Il est possible de transférer les droits individuels en cours de constitution correspondant à des versements volontaires ou à des sommes issues de l'épargne salariale à tout moment vers tout autre PER.

Le transfert n'emporte pas modification des conditions de leur rachat ou de leur liquidation (C. mon. fin. art. L 224-6 al. 1). Cette règle suppose que tout PER soit constitué de 3 compartiments correspondant aux 3 types de versements déterminés à l'article L 224-2 du Code monétaire et financier, pour que puissent leur être appliqués les conditions différenciées de rachat, liquidation, transfert et les différents régimes sociaux et fiscaux.

L'idée est que les droits des titulaires ne soient pas « prisonniers » des plans dans lesquels ils ont été constitués, mais que les intéressés puissent les déplacer facilement d'un dispositif à un autre en fonction des évènements de leur vie professionnelle et des performances respectives des différents PER.

Attention néanmoins, l’article L. 224-40-III du Code monétaire et financier prévoit que ce type de transfert n’est prévu que dans la limite d’un transfert tous les trois ans.

* Éditions Francis Lefebvre - Feuillet Rapide Social 19/19 (Réforme de l'épargne retraite : paru le 12/09/19)

La leçon à tirer

La possibilité de transférer les produits d’épargne retraite est au cœur des dispositions de la loi Pacte.

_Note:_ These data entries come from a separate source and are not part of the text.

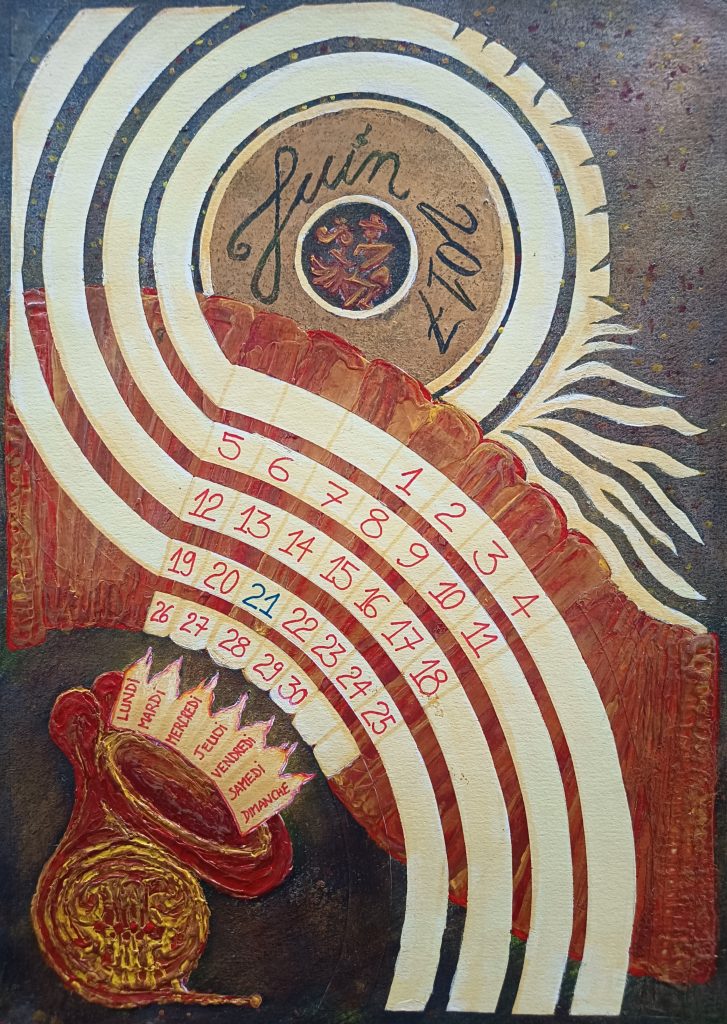 Calendrier créatif mois de juin pastels et acrylique techniques mixtes disque musique instrument soleil
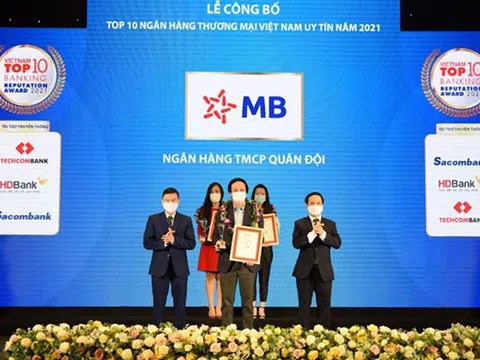MB nằm trong Top 4 ngân hàng uy tín năm 2021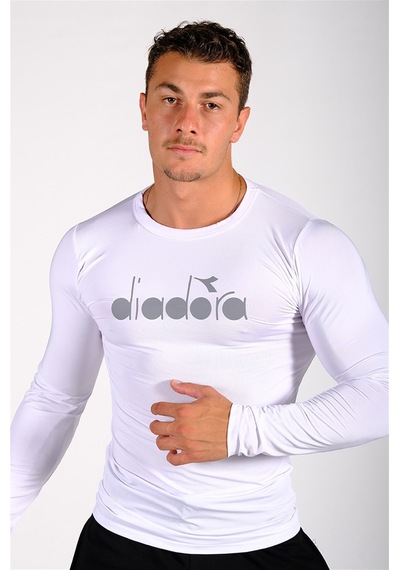 Diadora Soloben - Erkek Beyaz Uzun Kollu Spor T-Shirt - Tsrt-Zn1 Beyaz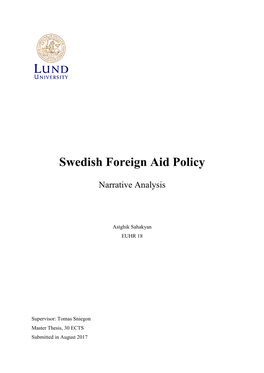 Swedish Foreign Aid Policy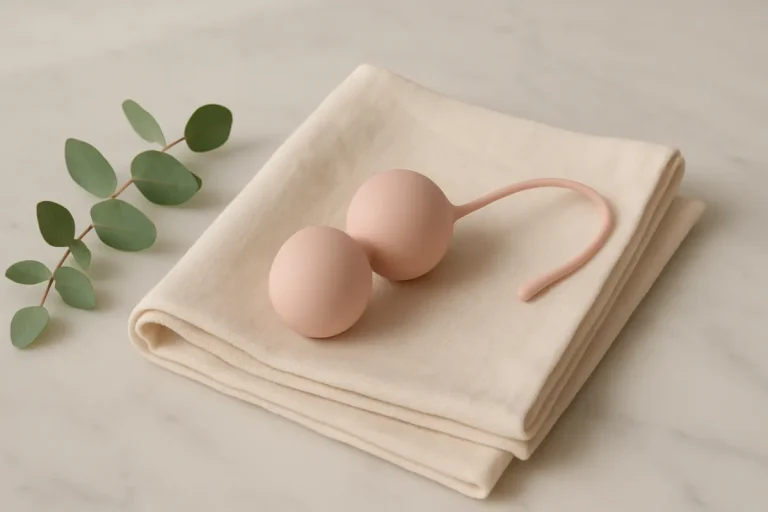 Bolas chinas de silicona rosa sobre lino junto a eucalipto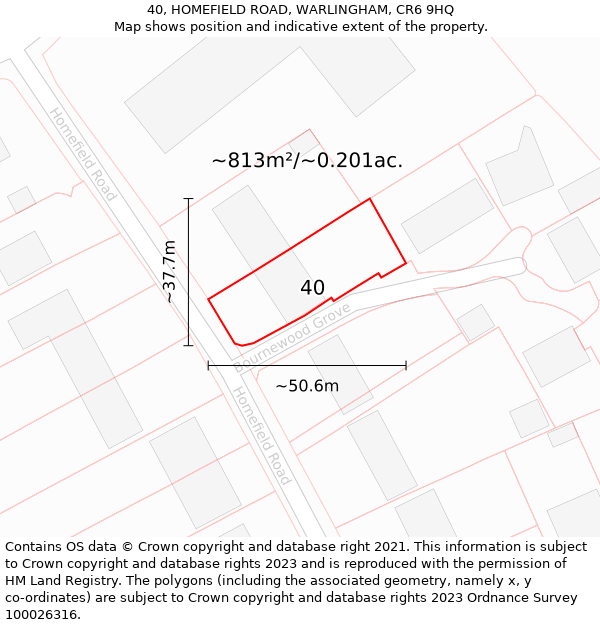 40, HOMEFIELD ROAD, WARLINGHAM, CR6 9HQ: Plot and title map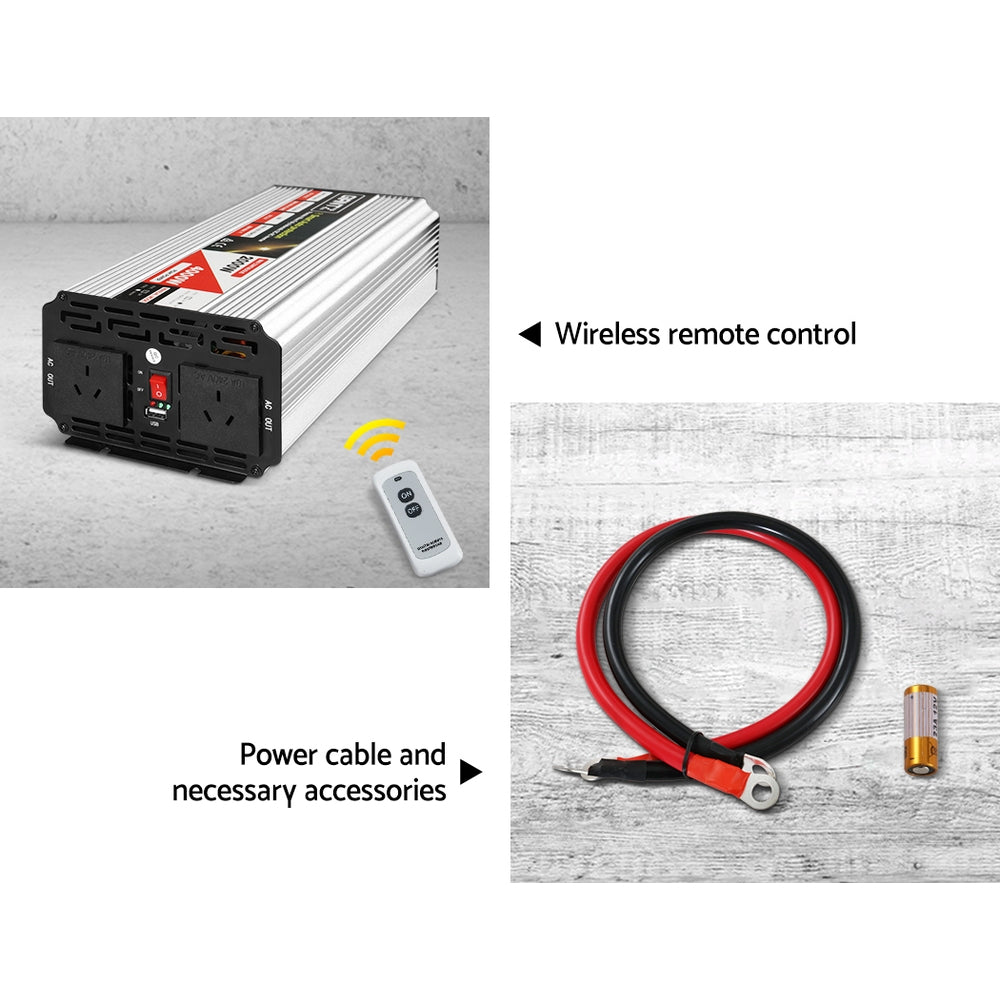 Giantz Power Inverter 2000W Or 4000W Pure Sine Wave 12V-240V Camping Boat Caravan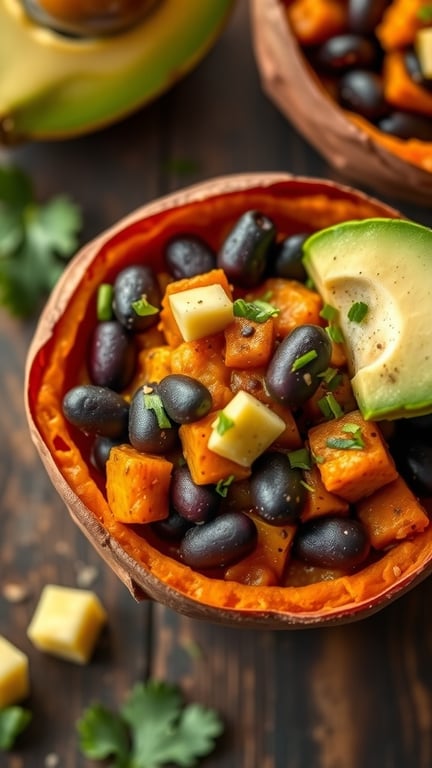Sweet potato and black bean cups topped with cheese and avocado
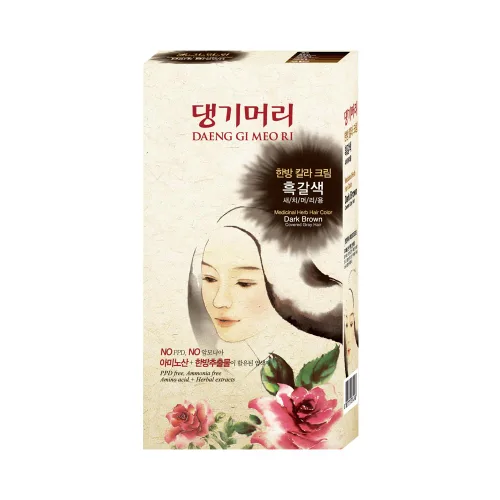 Vista 2 de Daeng Gi Meo Ri Crema de tinte para el cabello a base de hierbas, marrón oscuro, 5 onzas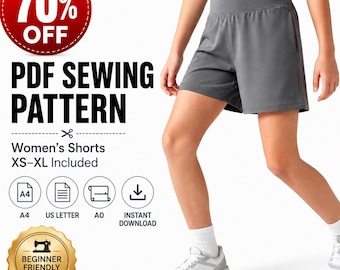 Women's Linen Shorts Sewing Pattern pdf | Elastic Waist Shorts Pattern XS-XL | Printable A4 US Letter A0 | Beginner Summer Shorts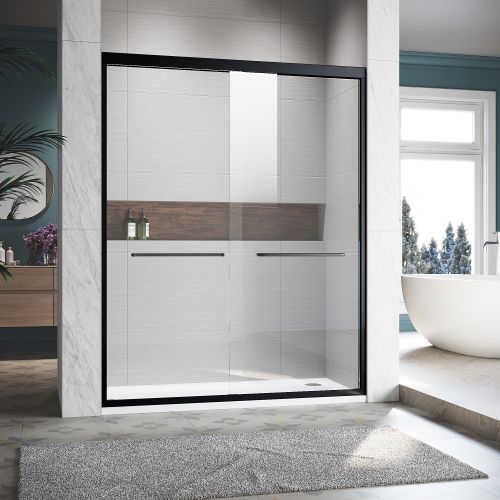 Sliding Shower Glass Door 56-60 in. W x 72 in. H, Adjustable Semi Frameless Shower Door, Certified Thick Clear Clear Tempered Glass, 304 Stainless Steel Handles, Gun-Grey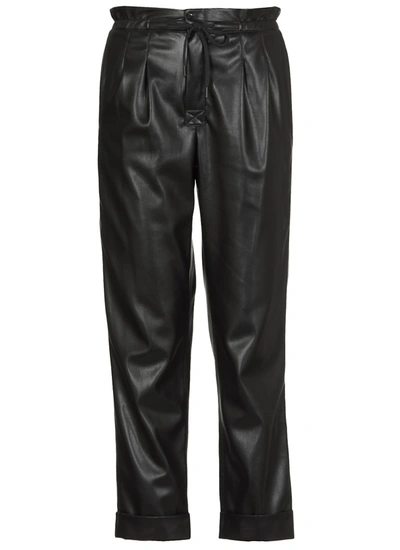 Shop Alice And Olivia Faux Leather Trousers In Black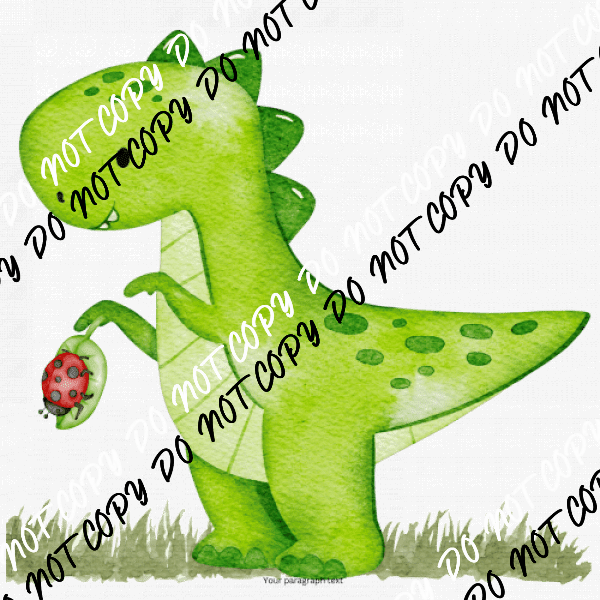 Dinosaur Baby Lime Green with Ladybug DTF Transfer - We Print U Press DTF Transfers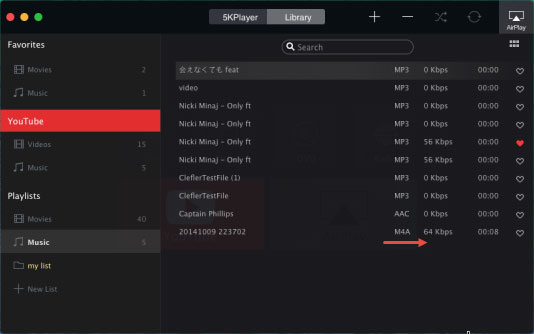 Select and Play the M4A Music/ M4A Audio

En fonction de leur provenance, les sommes sont placées dans trois compartiments différents (versements volontaires, épargne salariale et versements obligatoires), qui ont chacun leur fiscalité propre.

Le teneur de compte d’origine doit délivrer des informations précises au nouveau teneur de compte, notamment celles relatives à l’origine et à la catégorie des sommes placées sur le PER. En leur absence, le transfert ne peut être achevé ce qui peut générer un préjudice pour l’épargnant.

Il est important également que le nouveau teneur de compte informe le teneur de compte d’origine en cas de situation de blocage.

Enfin, ce dossier permet de rappeler le champ de compétences du Médiateur de l’AMF, qui ne peut en aucun cas intervenir lorsque le mis en cause est une compagnie d’assurance, mais seulement auprès du teneur de compte gestionnaire régulé par l’AMF.